William Murray, a lawyer who had been appointed United States district attorney in Kentucky in 1791, served as the state’s attorney general until 1795 and became such a staunch Federalist that as a member of the state House of Representatives he consistently opposed the Kentucky Resolutions of 1798 and was sometimes the lone dissenting vote against them (JEP description begins Journal of the Executive Proceedings of the Senate of the United States … to the Termination of the Nineteenth Congress, Washington, D.C., 1828 description ends , i, 77; Joan W. Coward, Kentucky in the New Republic: The Process of Constitution Making [Lexington, Ky., 1979], 87, 100, 111).

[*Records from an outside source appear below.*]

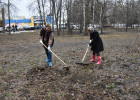 Пензенские чиновники привели в порядок зеленую зону на улице Карпинского 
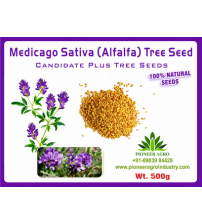 Medicago Sativa / Lucerne Fodder Seed 500 grams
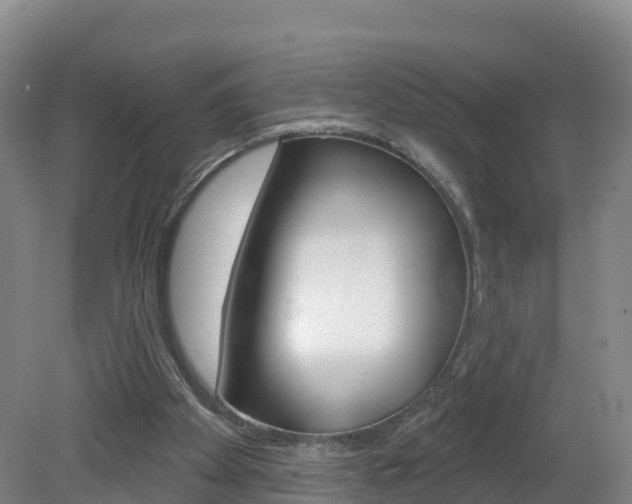 X0000082180105200701191103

On 18 Feb. 1793 Washington appointed George Nicholas, Kentucky’s first attorney general, to replace Murray as United States district attorney in Kentucky. Although promptly confirmed by the Senate, Nicholas declined the post later in the year. In November 1793 Washington appointed John Breckinridge, but he too declined to serve. Owing to opposition in Kentucky to the excise laws, the post was vacant for four years (JEP description begins Journal of the Executive Proceedings of the Senate of the United States … to the Termination of the Nineteenth Congress, Washington, D.C., 1828 description ends , i, 129, 143; Mary K. Bonsteel Tachau, Federal Courts in the Early Republic: Kentucky 1789–1816 [Princeton, 1978], 69–71, 98–105). TJ transmitted Nicholas’s commission with a brief covering letter of 19 Feb. 1793 (FC in Lb in DNA: RG 360, DL). See also TJ to Nicholas, 15 July 1793.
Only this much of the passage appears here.